I am trying to show
Consider $F\colon C[a,b] \rightarrow R$ ; $F(f)=f(t_0)$ where $a<t_0< b$ . Show that this linear functional is not continuous under $\|\cdot\|_1$ on C[a,b]
I have tried a proof that is apparently wrong and I would like help finding out where the flaw is.
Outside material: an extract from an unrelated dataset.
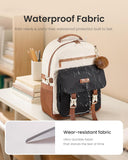 LOVEVOOK School Bags for Teen Girls, 15.6 Inch Work Laptop Backpack | Large Capacity Work Bags for Women, Lightweight Rucksack Bag for Uni, College, Middle & High School, Gift for Girls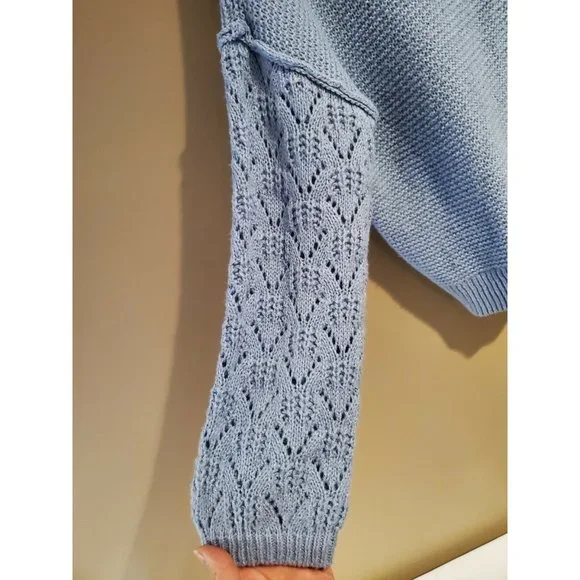 Women's Blue Knox Rose Pullover Sweater, Size XXL - Picture 2 of 6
I try to show the functional is discontinuous by constructing a sequence of functions such that $f_n \rightarrow f$ under $ \|.\|_1$ but $F(f_n)\not\to F(f)$ where $f_n$ and $f$ are continuous on [a,b].
$f_n(x)= n(x-t_o)+1, \, x\in [-1/n +t_0,t_0]$
$f_n(x)= n(-x+t_o)+1, \, x\in [t_0,t_0 +1/n]$
$f_n(x)= 0$, otherwise
Then, $\|f_n-0\|_1=\|f_n\|_1=(2/n)\times 1/2=1/n \to 0$ as $n\to \infty$ So $f_n \to f$ under $\|.\|_1$, where $f=0$ on $[a,b]$.
However $F(f)=f(t_0)=0$ and $F(f_n)=f_n(t_0)=1 $ for all $n$. Thus $|F(f_n)-F(f)|=1$. Therefore $f_n \rightarrow f$ under $ \|.\|_1$ but $F(f_n)\not\to F(f)$.
Your proof is correct, and it is the natural idea to attack this problm. One could criticize that you don't explicitly show that the $f_n$ are continuous, but that's a minor point that is saved with a sentence noting that the only points where there could be any doubt are $a,t_0, b$ and that in the three cases the side limits agree.